# York AC unit not working..



## jcherryj (Jul 4, 2012)

I have a York H2RA036S06D air conditioner that is 12 years old. The lights went out Friday and when they came back on the outside unit would not start. I cycled the breakers in the house and did a quick check for loose wires at the outside unit. If I spin the fan when the unit is trying to start, the fan starts; but the compressor does not because no cool air comes out of the vents in the house. This seems to indicate that I have a bad capacitor in front of the fan. I did not take the unit apart to get to the compressor to do a wire check there. Does this capacitor affect the compressor also, or did something else die when the lights went out? The unit was re-charged last year. Before the lights went out, the unit was able to keep the house livable. 

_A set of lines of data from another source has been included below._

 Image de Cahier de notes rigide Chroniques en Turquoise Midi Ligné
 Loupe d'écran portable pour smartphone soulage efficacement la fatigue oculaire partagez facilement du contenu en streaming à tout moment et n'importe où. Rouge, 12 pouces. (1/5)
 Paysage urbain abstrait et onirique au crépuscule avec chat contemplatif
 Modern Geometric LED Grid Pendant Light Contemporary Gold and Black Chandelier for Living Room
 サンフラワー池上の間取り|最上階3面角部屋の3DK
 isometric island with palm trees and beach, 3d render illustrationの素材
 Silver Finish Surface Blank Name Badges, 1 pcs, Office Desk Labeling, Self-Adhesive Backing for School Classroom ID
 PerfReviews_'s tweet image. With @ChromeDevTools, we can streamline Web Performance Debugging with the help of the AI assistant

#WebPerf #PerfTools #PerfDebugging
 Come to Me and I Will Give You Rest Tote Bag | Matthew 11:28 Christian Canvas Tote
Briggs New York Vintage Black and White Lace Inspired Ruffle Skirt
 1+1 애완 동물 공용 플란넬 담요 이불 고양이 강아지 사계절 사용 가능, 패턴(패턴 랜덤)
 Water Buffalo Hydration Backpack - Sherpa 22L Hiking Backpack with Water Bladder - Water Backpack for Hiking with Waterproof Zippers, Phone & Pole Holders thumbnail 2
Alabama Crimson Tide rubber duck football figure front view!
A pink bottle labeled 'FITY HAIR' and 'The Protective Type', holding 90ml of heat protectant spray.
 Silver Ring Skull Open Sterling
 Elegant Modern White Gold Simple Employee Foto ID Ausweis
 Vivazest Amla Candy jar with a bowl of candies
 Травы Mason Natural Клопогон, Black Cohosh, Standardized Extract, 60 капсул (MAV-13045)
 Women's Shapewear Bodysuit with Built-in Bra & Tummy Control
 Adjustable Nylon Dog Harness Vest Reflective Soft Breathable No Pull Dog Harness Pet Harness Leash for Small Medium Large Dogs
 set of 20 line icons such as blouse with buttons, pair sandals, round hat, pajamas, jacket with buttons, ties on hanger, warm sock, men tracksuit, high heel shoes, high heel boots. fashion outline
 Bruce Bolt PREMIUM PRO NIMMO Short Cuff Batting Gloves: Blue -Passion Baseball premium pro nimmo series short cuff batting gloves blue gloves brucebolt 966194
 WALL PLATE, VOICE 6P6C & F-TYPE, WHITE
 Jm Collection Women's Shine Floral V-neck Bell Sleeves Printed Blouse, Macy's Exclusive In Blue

  Can you tell me what size unit this is and is it big enough for a 2800 square foot, 3 level home in the Washington DC area?



  Thanks


----------



## kok328 (Jul 4, 2012)

You can google your unit to see what size it is.
I would speculate that for a home of that size you would want around 3-4 tons of A/C.
Unless you open the panel on the compressor unit, you won't know if the compressor uses a separate capacitor than the fan does.
Could be the compressor windings shorted out with the outage or burned up from improper volatage during the off/on of the power.


----------



## nealtw (Jul 5, 2012)

Perhaps you have a surge protecter in line.


----------



## moshei (Jul 6, 2012)

Hello,

 suggest you check your breakers going to the A/C unit inside at your main breaker box and out side at the A/C. Flip the breakers to off and then back to on. Give us more info!


Good luck.


----------



## kok328 (Jul 6, 2012)

He cycled the breakers so that shouldn't be a problem.  the fan works but, seems to have a startup problem.  The compressor isn't running.  Check line voltage, test the cap and compressor windings.
Check for a blown fuse if you have a fused disconnect.
Could be that the fan is 120V and the compressor will definiteyly be 240V.  I'm thinking this is the most likely problem given the electrical storm.


----------



## jcherryj (Jul 8, 2012)

I am working on replacing the capacitor, which is a know issue, and take it from there. I did a little research and discovered as usual that the builder installed a unit that was too small for the house. According to the BTU rating, it is a 2.8 ton unit. A three level house of this type should have had a 4 ton unit installed. At this point in time I am more fed up than surprised. He could have installed the correct size, tacked on the extra $500 to the price of the house and no one would have cared. At lease then my summers would have been more comfortable.


----------